Hacker News Re-Imagined

Inside the longest Atlassian outage

  • 1232 points
  • 2 months ago

  • @andyjohnson0
  • Created a post

Inside the longest Atlassian outage


@hsnewman 2 months

Replying to @andyjohnson0 🎙

Sounds like the continuity planners at Atlassian (the fall guys) will be looking for a new job.

Reply


@bogomipz 2 months

>"The outage is its 9th day, having started on Monday, 4th of April." >"It took until Day 9 for executives at the company to acknowledge the outage."

Just to put this in perspective. These executives would have left on a Friday afternoon to start their weekends without bothering to publicly address an ongoing outage that was by then 5 days old.

This is mind boggling. Like did some C-level exec say something like "Let's just park this whole outage communication discussion until Monday, have a good weekend everyone."?

Reply


@gunapologist99 2 months

Trello seems to still be up?

Reply


@8n4vidtmkvmk 2 months

hahaha, i left atlassian when they deleted everyone's mercurial repos with no way to export either. fuck them. they've proven time and time again that they dont care about their customers

Reply


@victor9000 2 months

Wow would you look at that, a complete Atlassian puff piece got published in the WSJ just hours ago.
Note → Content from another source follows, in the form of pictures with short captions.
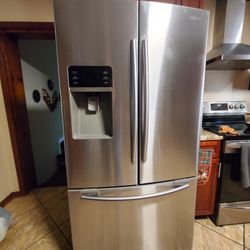 Samsung refrigerator 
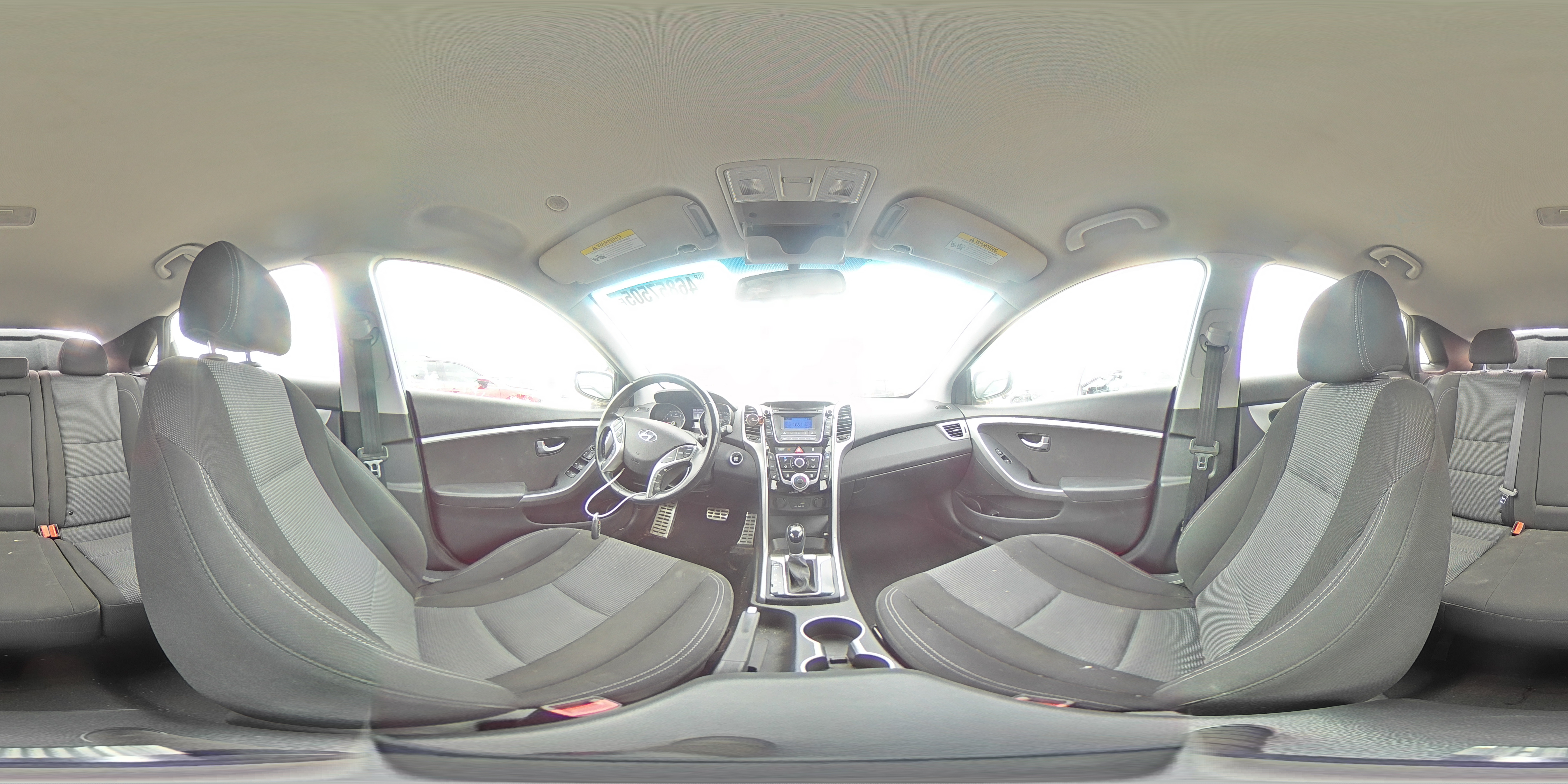 2016 Hyundai Elantra - Image 13
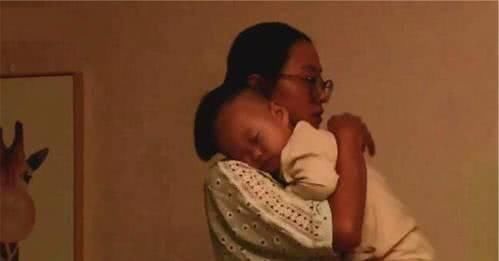 监控|产后老公在家装了监控，意外发现这一幕！看完感到好心酸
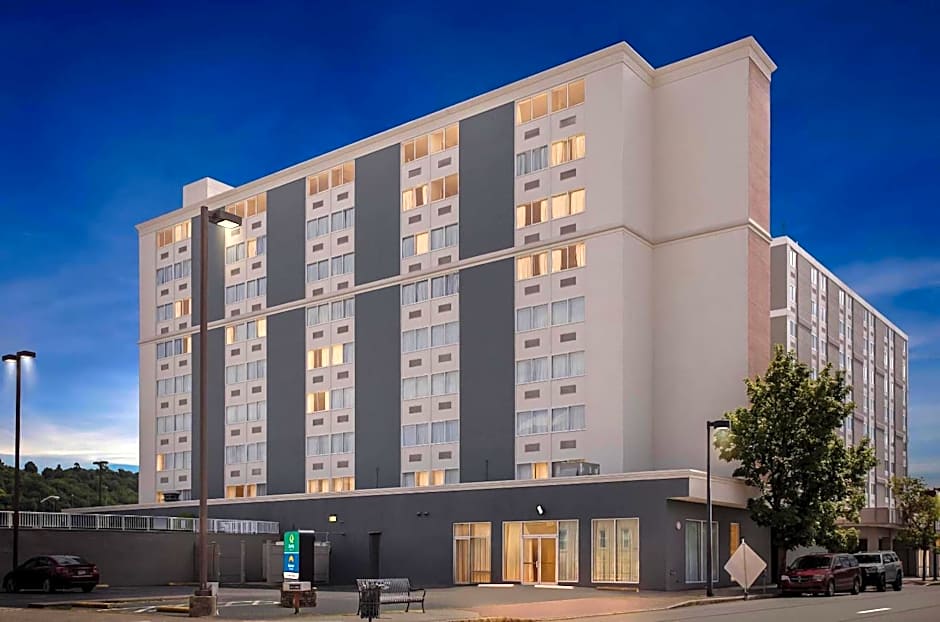 Quality Inn & Suites Charleston - Civic Center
How peculiar that the biggest active outage in the history of this company is not mentioned once in this "article".

I'm left to assume that PR teams can plant whatever they see fit in the WSJ at a moment's notice. I guess that's what passes for journalism these days.

https://www.wsj.com/articles/atlassian-puts-easy-to-use-codi...

Reply


@R0ger 2 months

I guess this is wake call for the people rushing to SaaS solutions.

Reply


@kgeist 2 months

We use on-premises setups for almost everything (we generally avoid cloud solutions to have full control of our data), sometimes (approximately once a month) it goes down for a few minutes which already feels like a torture because all our processes depend on it, I can't imagine having no access to it for several weeks, all our work would stop to a halt... The office of the guy who administers on-premise servers is literally next door, all it takes is to make a visit to him and everything works again after 5 minutes. Reading horror stories like this (Slack being down, Atlassian being down, no one knows what is happening and when it will end etc.), I wonder why many companies choose cloud solutions for critical business processes. Is it pricing? Ease of use? I can understand why very small companies would choose it, but I don't understand why a medium/large business would choose anything but an on-premises setup.

Reply


@kingofpandora 2 months

Engineering mistakes happen.

The most inexcusable thing is not communicating with the paying customers who have been affected for over a week.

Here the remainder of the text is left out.